The game has 32-color graphics which are mostly in grey and orange shades. The sound and music are conducted with attention to details, and the music changes depending on the action on the screen.

==Development==
Perihelion: The Prophecy was created by only three people: Gyula Szentirmay (coder), Edvard Toth (graphic designer) and Zoltán Végh (musician). The whole management over the project was in hands of Edvard Toth who was responsible for the artwork, design, concept and story (in-game script and dialogue is big in size for almost 80 pages of written text). Two of them (Zoltán Végh and Gyula Szentirmay) would later help create the real-time strategy title Theocracy.

==Reception==
The One gave Perihelion an overall score of 82%, stating that "It has an excellent style of presentation and works by an incredibibly user-friendly interface, but as atmospheric as Perihelion's setting, sound and graphics are, the game itself leaves a bit to be desired in a few areas." The One criticises the reuse of backgrounds in cities, calling this "a real mistake" and a "tacky American cartoon technique", furthermore noting that it leaves the player with "no real landmarks or helpful clues as to whether you've been there before." The One expresses that using Perihelion's 'network' communication UI for characters that the player is speaking to in person feels "unnatural" and "limiting". The One praises Perihelion's graphics and gameplay, stating that "Perihelion does look and feel superb ... There's a tremendous amount of depth with an excellent number of locations to be ploughed through, not to mention the huge volume of characters and spells to be played with." Despite this, The One expresses that Perihelion "could have been so much more" and that it "tried to do something different with the [RPG genre]" but in some areas it feels 'unpolished'.

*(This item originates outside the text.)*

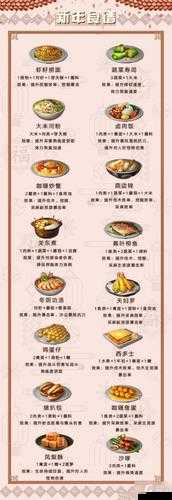 明日之后:毒气地雷制作攻略,材料配方大放送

Amiga Action rated the game an 84 of 100 saying "A massive and absorbing RPG with one the best storylines yet. Top-notch presentation combines with a wealth of detail and an impressive level of complexity to make this into a hardcore RPG player's dream. But a slightly tedious battle system, little variety in the locations and a lack of short-term action to sustain you as you progress towards your long term goal will probably make Perihelion seem a bit too dull for some of you.